Peter Whittle : J’espère que non. Mais, les gens auraient raison d’être inquiet. Le plus troublant, c’est le caractère inattendu, aléatoire peut-être aussi de cet acte. D’une certaine manière, si vous prenez le métro vous savez, au fond, qu’une bombe pourrait exploser comme lors de précédentes attaques terroristes – le 7 juillet 2005 mais aussi du temps des bombes de l’IRA. Là, le soldat se promenait et n’avait comme signe distinctif qu’un sweat-shirt avec le logo d’une association caritative très populaire ici, Help the Heroes. L’avaient-ils suivi ou se sont-ils jetés sur lui par hasard ? Je penche pour la seconde option.

JOL Press : Comment la société répond-elle à une telle menace ?
 

Peter Whittle : En deux temps. D’abord, on gère les faits, l’atrocité des faits. Puis, on fait en sorte qu’ils laissent le moins de traces possibles et qu’ils ne servent pas de prétexte à une stigmatisation de tel ou tel groupe. Les associations musulmanes, cette fois-ci, ont été unanimes – et rapides – dans la condamnation de ces actes. C’est nouveau.

De plus, aucune mention de la politique étrangère britannique n’a été faite.

JOL Press : Diriez-vous qu’il y a eu une prise de conscience de la menace islamiste depuis les derniers attentats de juillet 2005 ?
 

Peter Whittle : Cela s’est amélioré déjà parce qu’il n’y a pas eu de nouvelles attaques.

Ceci dit, s’il n’y a pas de nouvelles attaques ce n’est pas parce que ces fanatiques n’ont pas essayé mais bien parce que les autorités, les gouvernements successifs, les forces de l’ordre, les services de renseignement ont été particulièrement efficaces à contrecarrer les plans d’action des terroristes, une trentaine depuis huit ans dit-on. Un de ces plans prévoyait l’attaque d’avions à Heathrow et aurait pu faire 2500 morts…

Dans le même temps, je ne dirais pas que les Britanniques ont véritablement pris conscience de la menace que représente l’islamisme fondamentalisme ou islamo-fascisme.

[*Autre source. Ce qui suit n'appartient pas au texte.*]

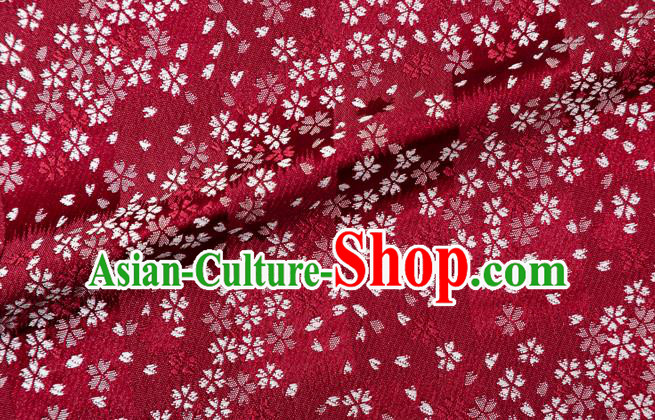 Asian Japanese Traditional Sakura Pattern Design Purplish Red Brocade Fabric Kimono Tapestry Satin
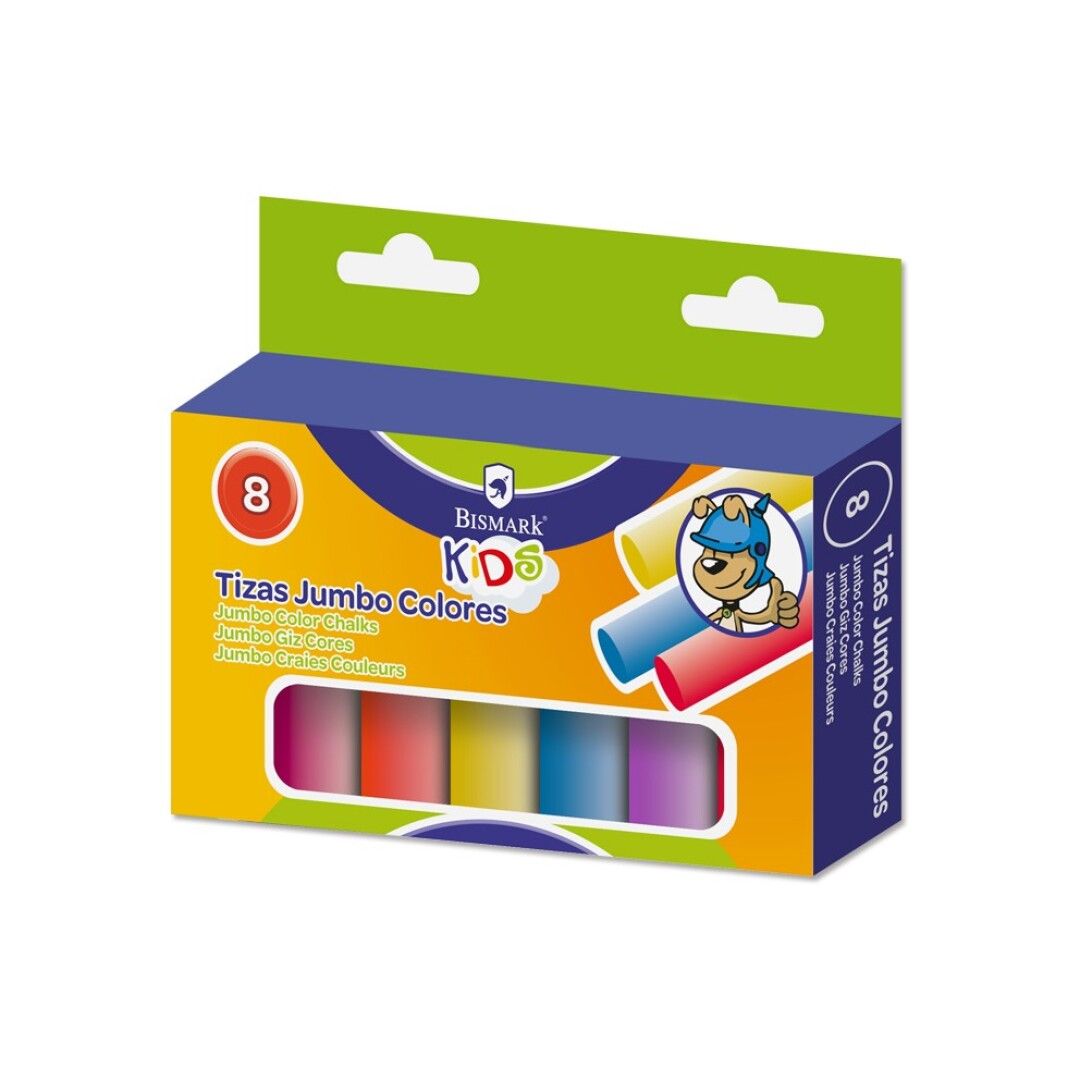 PACK 8 TIZAS COLORES JUMBO 199058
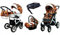 BabyLux® Bambimo Kinderwagen Set 4 in 1 - White Lux - incl. Babywanne, Buggy Sportsitz, Auto-Babyschale - Autositz - Kinderwagenset - Kombikinderwagen mit Wickeltasche, Regenschutz usw.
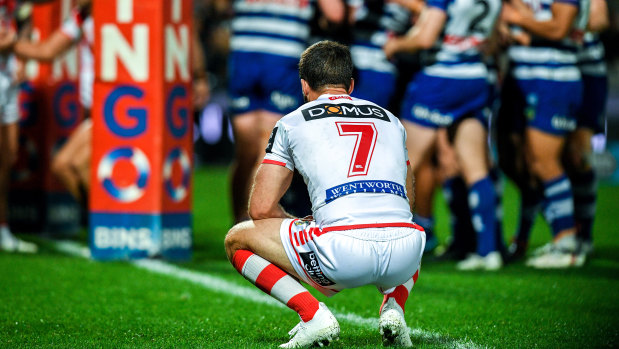 Maginalised: Ben Hunt comes to terms with a big defeat to the Bulldogs at Jubilee Oval recently, which prompted fans to boo the players from the field.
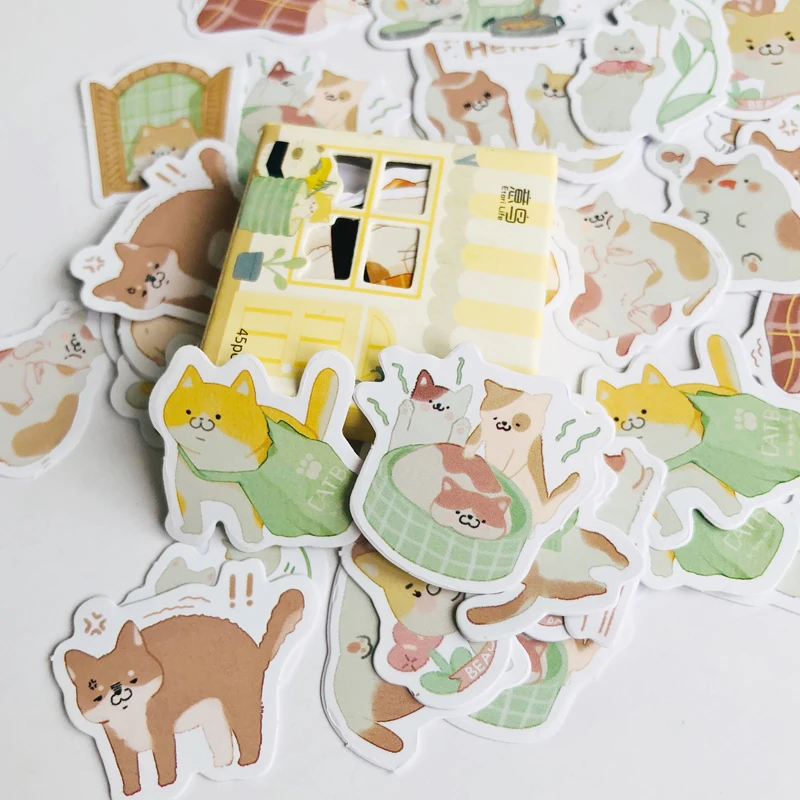 

45 pcs /Pack Cute Cats and Dogs Cartoon Paper Decorative Stickers Stick Label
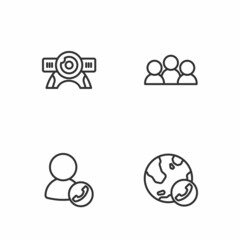 Set line Video chat conference, Web camera and Meeting icon. Vector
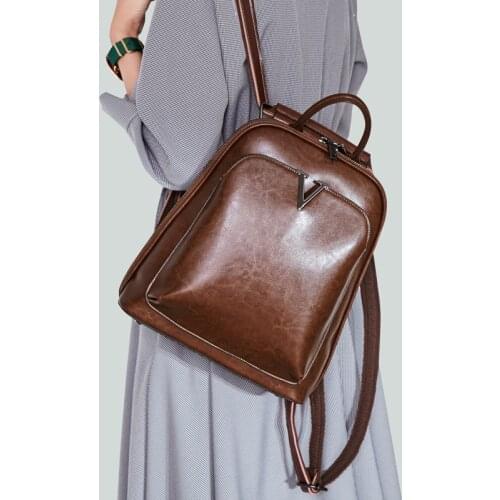 Retro Oil Wax Cowhide Backpack 100% Genuine Leather School Backpack High Quality Women Shoulder Bags Rucksack Travel Knapsack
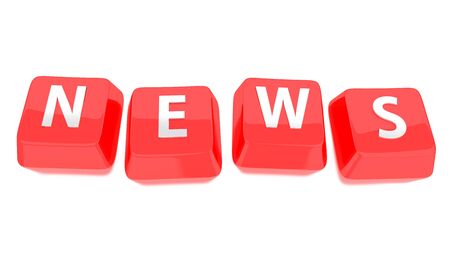 NEWS written in white on red computer keys  3d illustration  Isolated background の写真素材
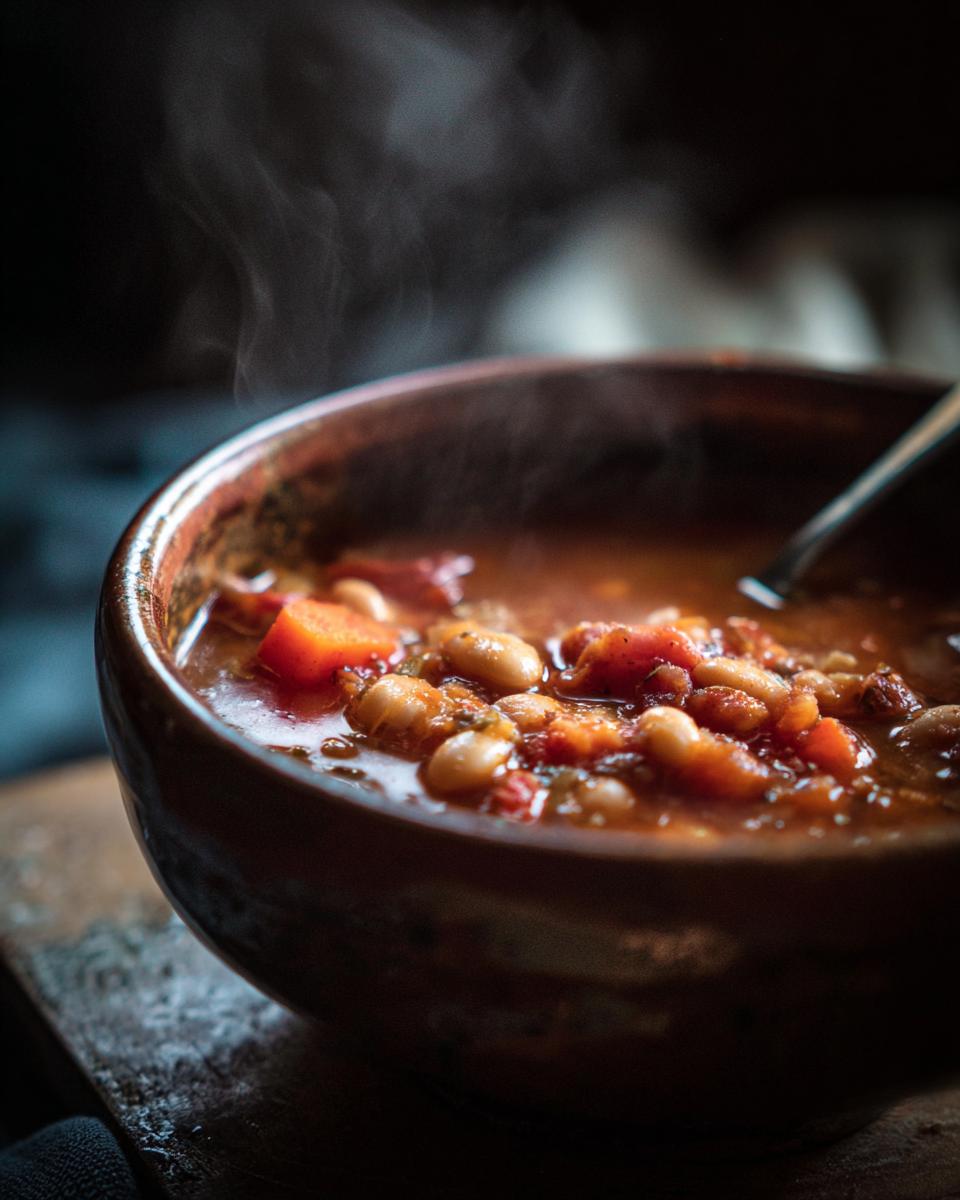 Steaming bowl of Vegan Tomato White Bean Stew with a spoon, showcasing the beans, tomatoes, and broth.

Peter Whittle est journaliste et auteur. Il collabore aux rédactions du Sunday Times, du Spectator et de Standpoint Magazine. Il intervient régulièrement sur la BBC et Sky News comme commentateur de l’actualité internationale. En mai 2012, il a publié What’s Wrong with Being British? un pamphlet sur ce que c’est qu’être Britannique. En 2011, il a publié Monarchy Matters, sur la place de la monarchie britannique dans la persistance d’un sentiment national britannique. En 2006, il a créé le Think Tank The New Culture Forum, spécialisé dans les problématiques culturelles et sociétales, et il en est aujourd’hui le directeur.